Welcome to the Stochastic Portfolio Theory Reading Seminar, run by the students of Columbia University.

This Fall we we will be studying Portfolio Theory and Arbitrage: A Course in Mathematical Finance by I. Karatzas and C. Kardaras. Our talks will be held in hybrid form over Zoom and in Columbia University on Fridays from 4p.m. to 5p.m. EDT.

This seminar is the continuation of the same seminar held in Summer - SPT Seminar, Summer 2021.

If you would like to come to our seminars or to be added on the mailing list, please email ggaitsgori@math.columbia.edu.

Next Seminar

Date and time Speaker Title and abstract
Friday, October 15, 4:00p.m. EDT Georgy Gaitsgori Stochastic Portfolio Theory - New and old definitions (PTA, Chapter 1)

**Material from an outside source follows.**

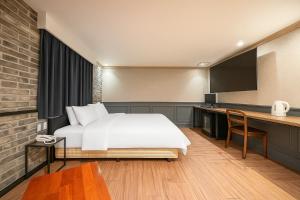 Voodi või voodid majutusasutuse Hotel Lin toas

We start discussing the book "Portfolio Theory and Arbitrage" by I.Karatzas and C.Kardaras. In particular, we will try to cover Chapter 1 of this book. We will revisit old definitions of stock prices, portfolios and functionally generated portfolios. We will also generalize these notions and introduce new notions of wealth process, numeraire, and others.

Past Seminars

Date and time Speaker Title and abstract
Friday, October 1, 4:00p.m. EDT Richard Groenewald Functionally Generated Trading Strategies in Markets of General Continuous Semimartingales

We discuss generalizing the approach taken in Fernholz's Stochastic Portfolio Theory text to markets whose stock price processes are arbitrary continuous semimartingales, and outline an alternative "additive" portfolio generation. We will also introduce sufficient conditions for both long and short-term arbitrage with respect to the market portfolio, and review some specific examples.
Friday, October 8, 4:00p.m. EDT Richard Groenewald Arbitrage and a New Class of Portfolio Generating Functions

We continue to discuss sufficient conditions for both long and short term arbitrage with respect to the market portfolio in markets whose stock price processes are general continuous semimartingales. We will also develop some notions of portfolio generating functions which take inputs other than the market weights alone.